NAB 2018: IBM Watson on Refining AI for Closed Captioning

Closed captioning isn’t just for the hard-of-hearing anymore. According to Digiday, 85 percent of Facebook video is viewed without sound. That signals a trend of viewers who prefer to watch closed captioning, putting the heat on solutions providers to come up with compliant systems that are also accurate and speedy. With artificial intelligence, says IBM Watson Media senior offering manager David Kulczar, closed captioning can be enhanced to go beyond transcription, and automatically identify background audio descriptions.

Kulczar defined the terms used in closed captioning. “It all starts with automated speech recognition (ASR), which creates a text output from an audio track,” he said. “This is not to be confused with speech-to-text, which extends ASR but is only focused on the spoken word.”


Transcription is the manual process of creating text output from audio. “And closed captioning is a service that allows audiences to interpret content accurately without audio to assist with full understanding of the presented content,” he said.

In addition to ASR, closed captioning systems need to be able to recognize and identify common sounds and noises, know when speakers shift languages, and identify and represent speaker transitions (called diarization). For the blind, audio description represents visual characteristics of the content.
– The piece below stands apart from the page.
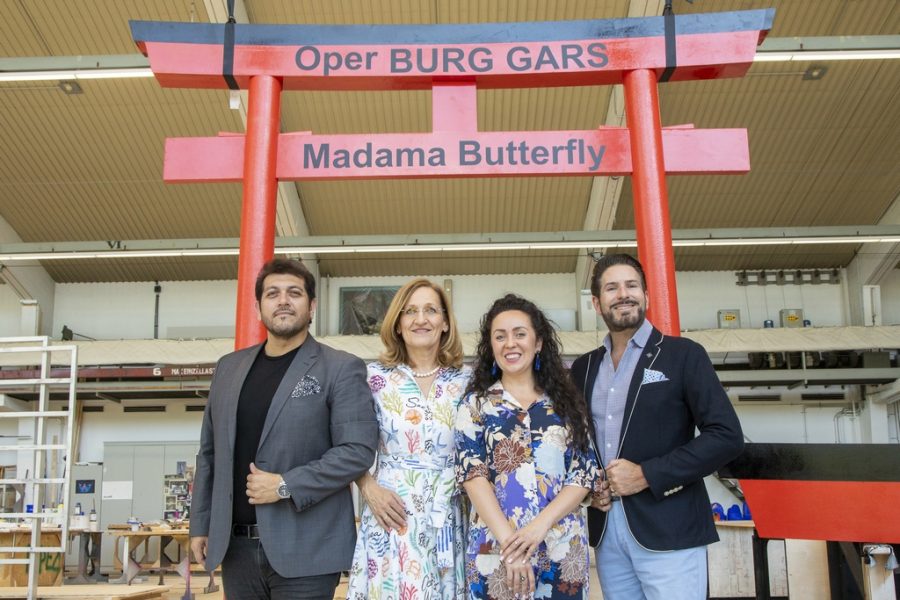 Oper BURG GARS - Feierliche Übergabe der japanischen Torii: Gabriel Acre, Petra Höfinger, Eugenia Dushina und Clemens Unterreiner. (Foto Jürgen Hammerschmid)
Closed captioning systems also need edit tools to accurately time-stamp caption data, present captions in an intelligent, coherent layout and provide an editing interface to allow for manual changes.

Today’s systems for closed captioning all offer pros and cons. Manual or human captioning is the most accurate for VOD files, but is the most expensive. Crowdsourced captioning is more cost effective and knowledge of most areas is likely, but it doesn’t support live content, is non-predictable and has the potential for malicious intent.

Machine-generated captioning is the most cost effective model and it’s consistent and trainable, but needs further development and includes the up-front costs of training. Hybrid systems offer a “safety net” to cover some of the other systems’ flaws, but don’t get rid of all of them.

When using AI for captioning, said Kulczar, “training makes all the difference.” He broke down such training into three categories: vocabulary, contextual and acoustic.

“We build a corpus of knowledge,” he explained. “In nightly news, for example, the topic changes from weather to politics in an instant, and I have to make sure my models are applied rapidly and consistently and do it in an automated way.”

With these three kinds of training, said Kulczar, IBM Watson has shown five to 10 percent gains in accuracy. “The models give you two scores: relevance and confidence,” he said. “You run through a certain amount of corpus information and it goes to a team that refines it until you get an accuracy model that works. With Live, it took us two weeks to get 95 percent accuracy for the U.S. Open, for example.”

“Manual transcription also has a training requirement,” he concluded. “But we can build these models really, really quickly.”